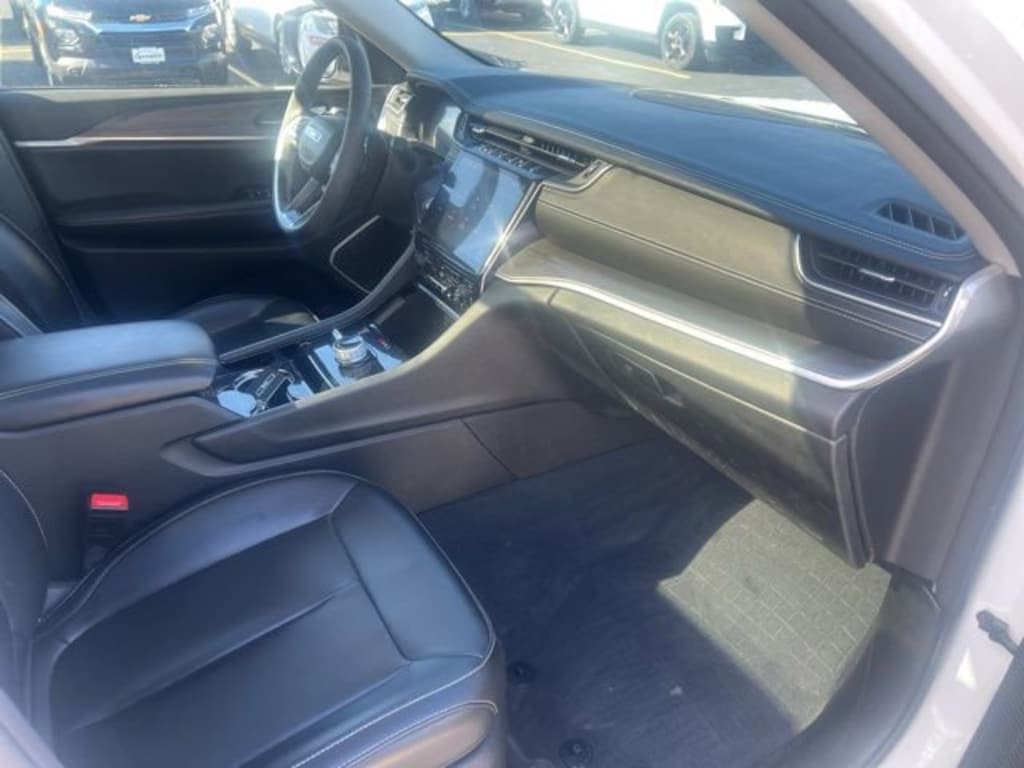 Used 2023 Jeep Grand Cherokee Limited SUV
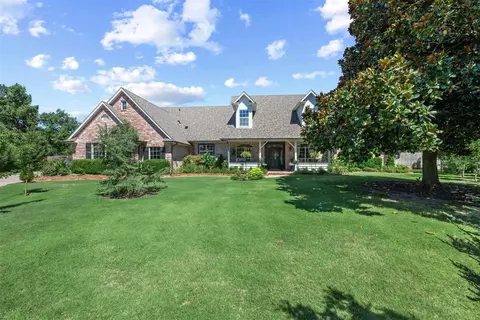4661 W Two Lakes Ave, Norman, OK 73072
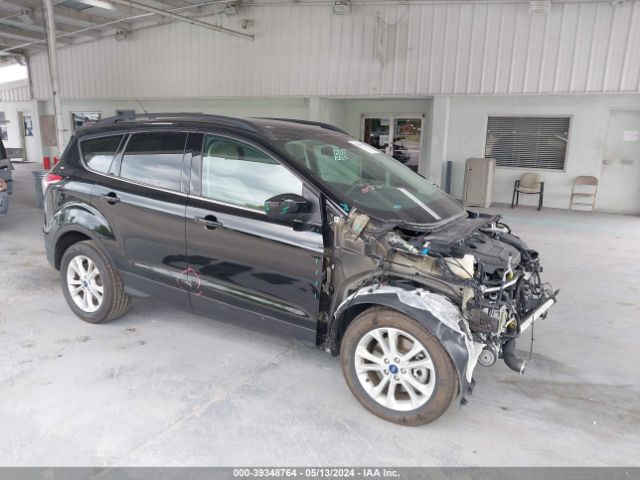 1FMCU0G96HUC19146 Ford ESCAPE SE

Work request: The answer must be the lines above from the line that contains "4661 W Two Lakes Ave, Norman, OK 73072" to the final line of the data, word for word, with no pictures.

Solution to the exercise:
4661 W Two Lakes Ave, Norman, OK 73072
 1FMCU0G96HUC19146 Ford ESCAPE SE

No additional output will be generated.